Yabú se sentía espléndido. El hatamoto era un ayudante especial del daimío, que podía presentarse siempre a su señor y llevar sables en su presencia. Estaba encantado con Omi y se sentía descansado, como nuevo, después de haber dormido estupendamente.

—Omi-san, hay también una piedra en mi jardín de Mishima que me gustaría que aceptaras para conmemorar este acontecimiento y la maravillosa noche que he pasado y nuestra buena fortuna. Te la enviaré con las otras cosas. Procede de Kiusiu, y yo le puse el nombre de «La Piedra de la Espera» porque estábamos esperando que el Taiko ordenara un ataque cuando la encontramos. Esto ocurrió hace quince años. Yo formaba parte de su ejército que aplastó a los rebeldes y sometió la isla.

—Me haces un gran honor.

—¿Por qué no ponerla aquí, en tu jardín, y darle un nombre nuevo? Podríamos llamarla «La Piedra de la Paz del Bárbaro» para conmemorar esta noche y su interminable espera de la paz.

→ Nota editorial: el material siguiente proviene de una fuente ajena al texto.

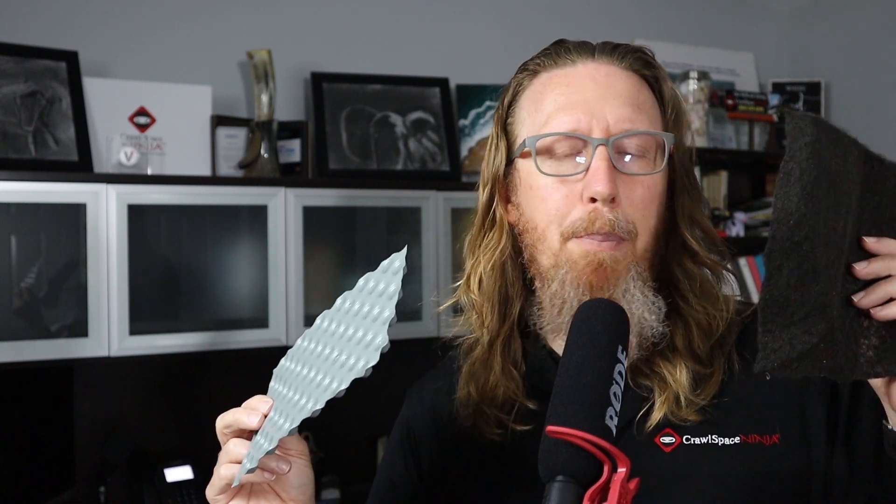If you've got a lot of standing water, the pond felt is certainly going to have an advantage by allowing moisture to travel through it. It's still a great underlayment — it's just not going to give you the cushion on your knees like the thicker product will. Hope that answers your question and hope you like this video. Please let us know if you have any other questions. Hope you make it a happy and blessed day, and we'll see you later.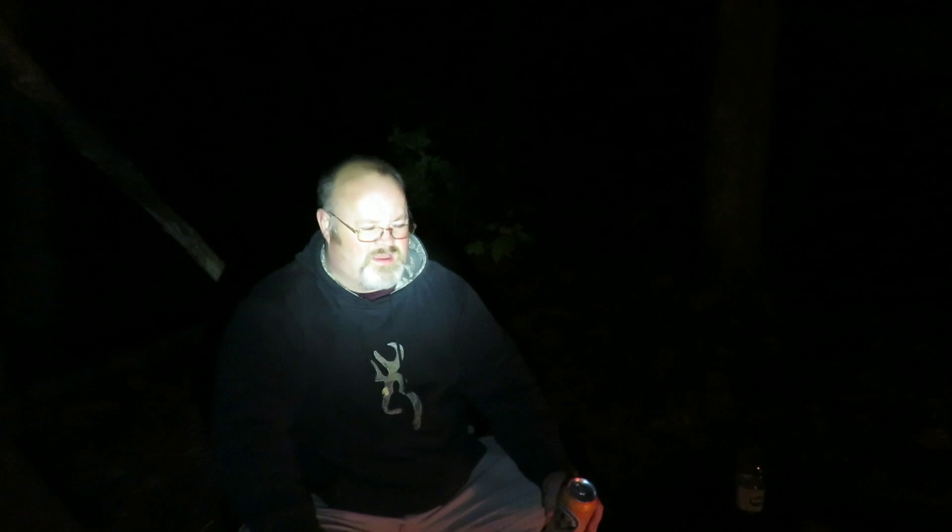It's getting way too dark now — I can barely even film, or I have to look right at this killer light which is burning my eyeballs out. So I think what I'm going to do is say good night for now — I'm going to drink this last beer, throw a couple more logs in the fire, and just relax out here. Then I'll probably say good night from inside the hammock real quick, but that'll be pretty much it for now.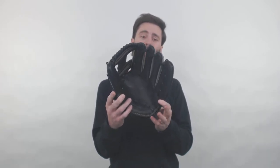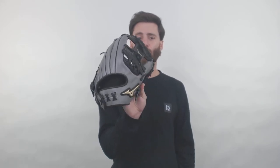I like the color design a lot. It's got the black catching surface and then on the back we're going to have the combination of gray and black leathers.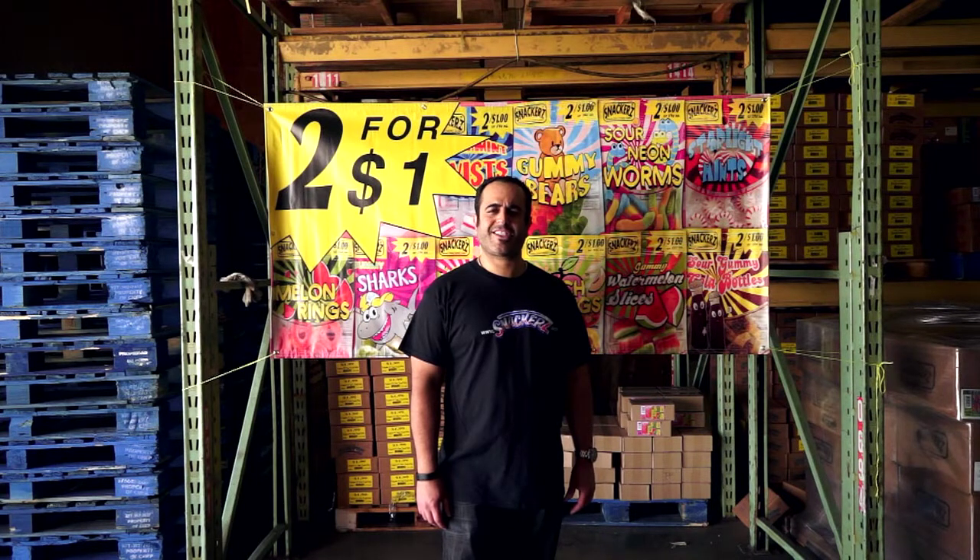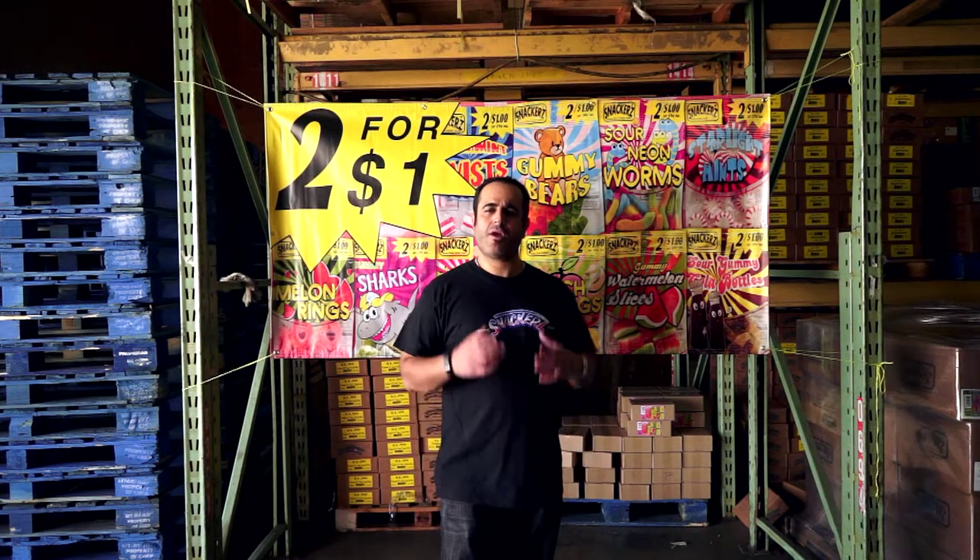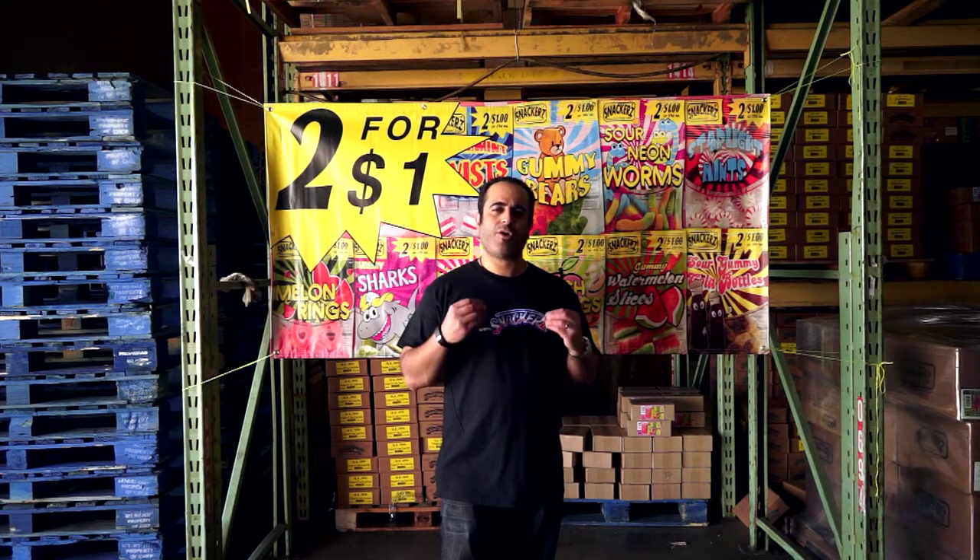How are you doing? Thanks for visiting us at Snackers.com. Today we wanted to talk to you about how the master cases come and what you get in a master case. A lot of you are confused with how the master cases are packed.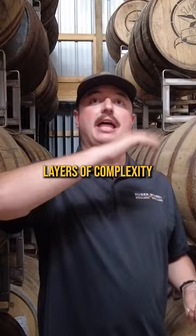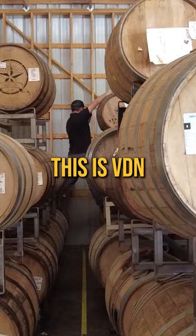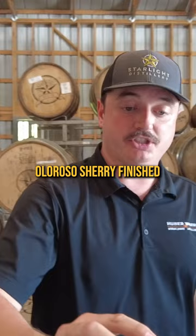This is a charred three, toasted head, three-grain bourbon. This is VDN, a Spanish orange wine finish — it just gets better. And this is our brand new Olorosa Sherry finished bourbon.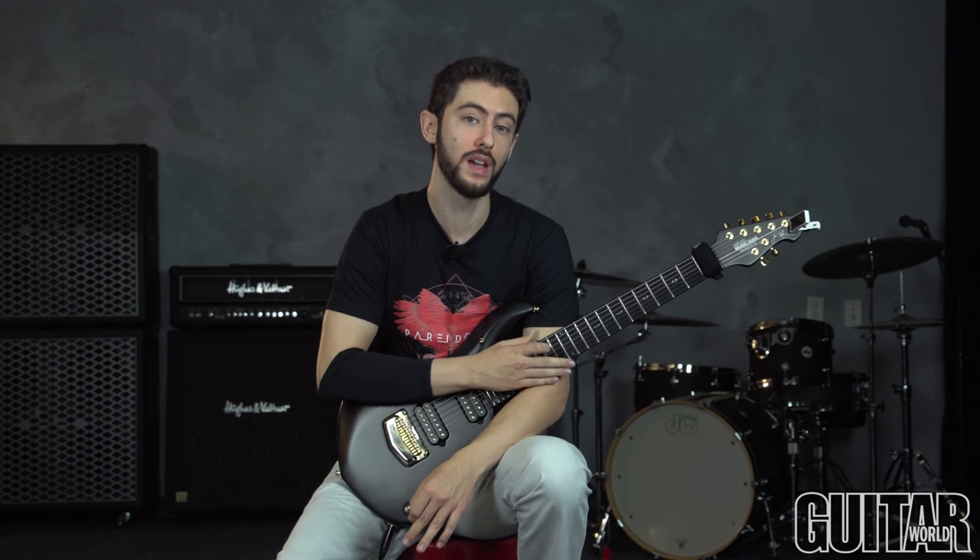Okay guys, so with this lick, what I wanted to go over were a few things. First, we'll go over the technique, and we'll go over the theory as well. So before we get started, just keep in mind I'm down a half step, so I'm on a 7-string. I'm not using the low B. For all intents and purposes, I'm in E-flat standard, and for all theory, we'll talk about this as if it wasn't standard tuning.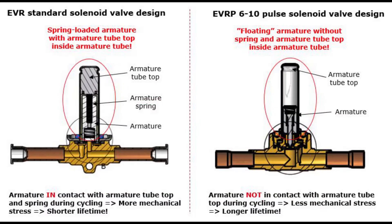Here you will see a design comparison between the standard EVR and the EVRP6-10. When the standard EVR is energized, the armature contacts the armature tube top and compresses the armature spring, which returns the armature to the closed position once the valve is de-energized. This constant movement during operation causes mechanical stress over valve lifetime and sets a limit on maximum cycle rates.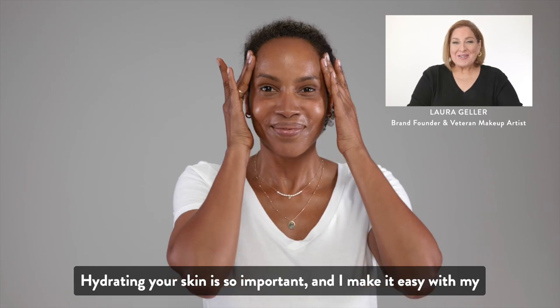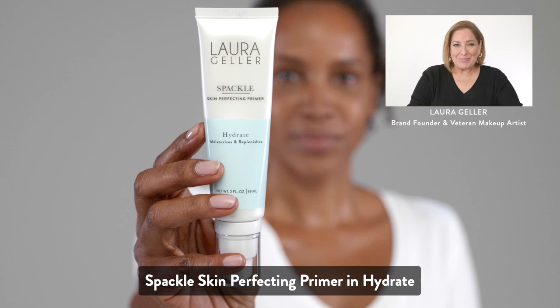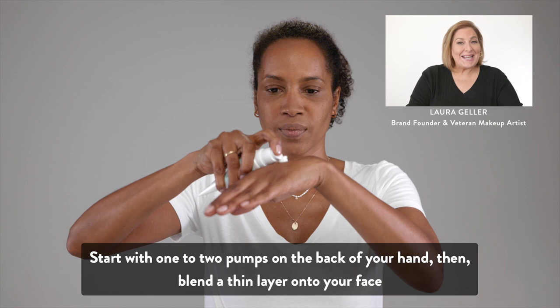Hydrating your skin is so important and I make it easy with my Spackle Skin Perfecting Primer in Hydrate. Start with one to two pumps on the back of your hand, then blend a thin layer onto your face.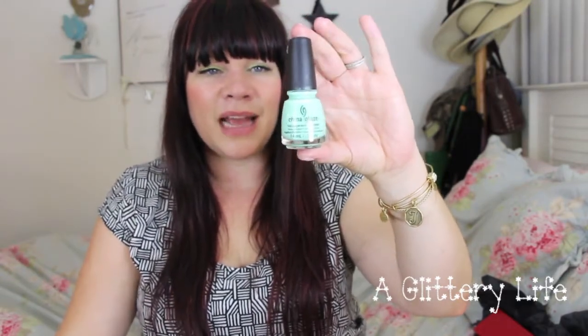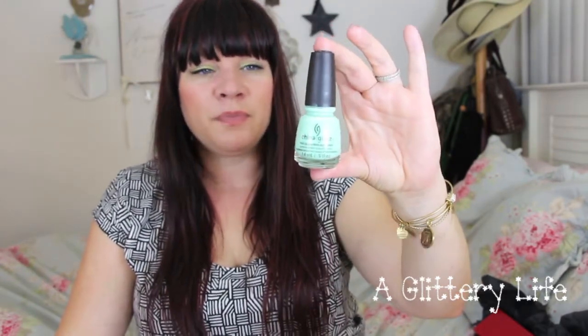My next color is also a China Glaze because the colors are just so great. This one is called Highlight of My Summer. I love this tealy aqua — actually, this is definitely aqua. I love it, it's so cute and pretty and bright. It has a little bit of that neon hint to it, which makes it really fun, and it's actually a little bit thicker with better consistency than that hot pink one.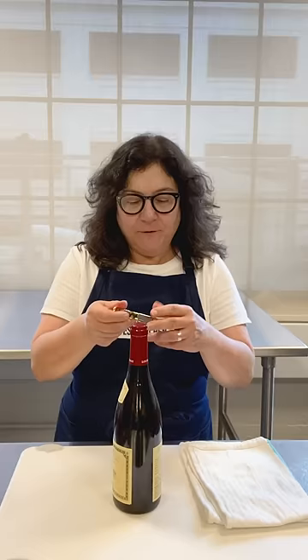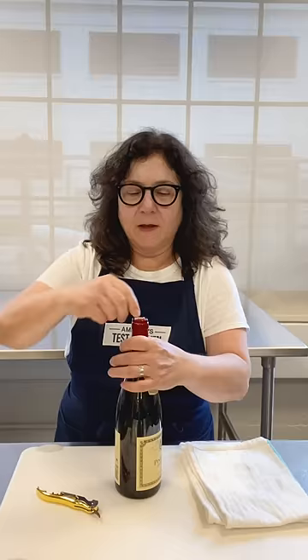First, you take a bottle of wine. There's a little knife on the side here for slicing off the plastic around the top. That exposes the cork. You take the foil off with a little cut all the way around.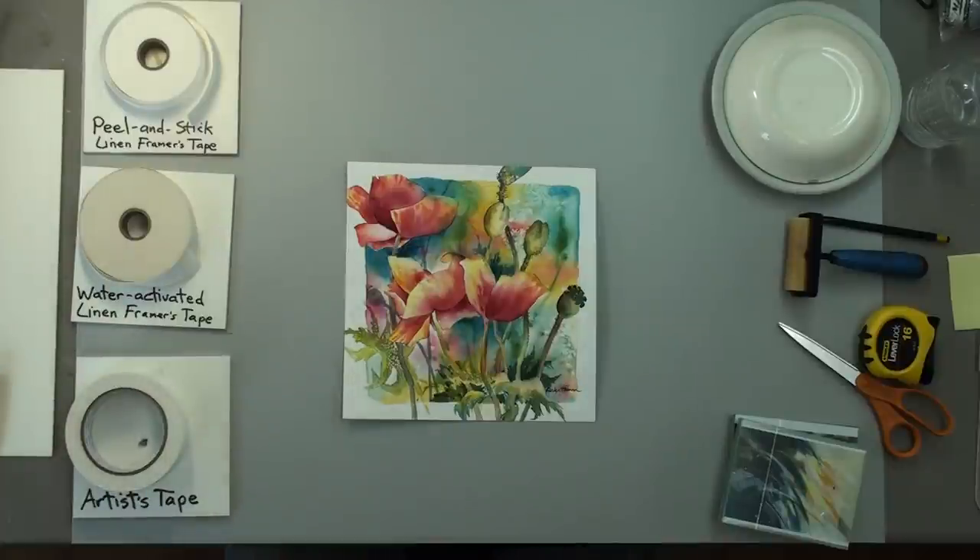Hello, I'm Brad the Framer at Carlin's Gallery, and today we'll be covering the matting and mounting of watercolor originals.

—Quisiera que me permitieses llamarla «La Piedra de la Felicidad» para que nos sirviera a mí y a mis descendientes de recordatorio de los honores que me has prodigado, tío.

—No. Es mejor llamarla simplemente «El Bárbaro Expectante». Sí, me gusta este nombre. Nos une más… a él y a mí. Él esperaba y yo esperaba. Yo viví, y él murió.

Yabú miró el jardín y murmuró:

—Bien, «El Bárbaro Expectante». Me gusta. La piedra tiene, en uno de sus lados, unas curiosas manchas que parecen lágrimas y unas vetas azules mezcladas con un cuarzo rojizo que me recuerdan la carne… ¡la fugacidad de la carne!

Suspiró gozando con su melancolía. Después añadió:

—Es bueno para un hombre plantar una piedra y darle nombre. El bárbaro tardó mucho en morir, ¿neh? Tal vez, cuando vuelva a nacer, será japonés como recompensa por su sufrimiento. ¿No sería maravilloso?

Omi le dio las gracias efusivamente y declaró que no era merecedor de tanta munificencia. Yabú sabía que su generosidad era más que merecida. Fácilmente habría podido dar más, pero había recordado un viejo adagio según el cual siempre se puede aumentar un feudo, pero si se reduce es causa de enemistad. Y de traición.

Sonaron cascos de caballos en la cuesta. Igurashi, primer ayudante de Yabú, cruzó el jardín.

—Todo está listo, señor. Si queréis volver rápidamente a Yedo deberíamos partir en seguida.

—Bien. Omi-san, tú y tus hombres iréis con el convoy y ayudaréis a Igurashi-san para que todo llegue al castillo en perfecto estado.

Yabú vio cruzar una sombra por el rostro de Omi.

—¿Qué tienes que decir?

—Sólo estaba pensando en los bárbaros.

—Deja unos cuantos guardias con ellos. Comparados con el convoy, carecen de importancia. Haz con ellos lo que quieras. Si descubres que te sirven para algo, házmelo saber.

—Sí, señor —respondió Omi—. Dejaré diez samurais y unas instrucciones concretas a Mura de que no les pase nada en cinco o seis días. ¿Qué queréis que se haga con el barco?

—Consérvalo aquí. Tú me respondes de él. Zukimoto ha escrito a un mercader de Nagasaki para que lo ofrezca en venta a los portugueses. Puede que vengan a recogerlo.

Omi vaciló.

—Tal vez deberías conservar el barco, señor, y hacer que los bárbaros enseñen su manejo a algunos de nuestros marineros.

—¿Para qué necesito barcos bárbaros? —repuso Yabú riendo despectivamente—. ¿Quieres que me convierta en un sucio mercader?

—Claro que no, señor —dijo rápidamente Omi—. Sólo pensaba que tal vez Zukimoto podría darle un empleo útil.

—¿Qué quieres que haga con un barco mercante?

—El sacerdote dijo que era un barco de guerra, señor. Y, cuando estalle la guerra podría…

—Nuestra guerra se desarrollará en tierra firme. El mar es para los mercaderes, que son unos puercos usureros, o piratas, o pescadores.

Yabú se levantó y empezó a bajar la escalera en dirección a la puerta del jardín donde un samurai sostenía la brida de su caballo. Pero se detuvo, mirando al mar. Las rodillas le flaquearon.

Omi siguió su mirada.

Un barco estaba volviendo el cabo. Era una galera grande con muchísimos remos, la embarcación costera japonesa más veloz porque no dependía del viento ni de la marea. La bandera del mástil llevaba la enseña de Toranaga.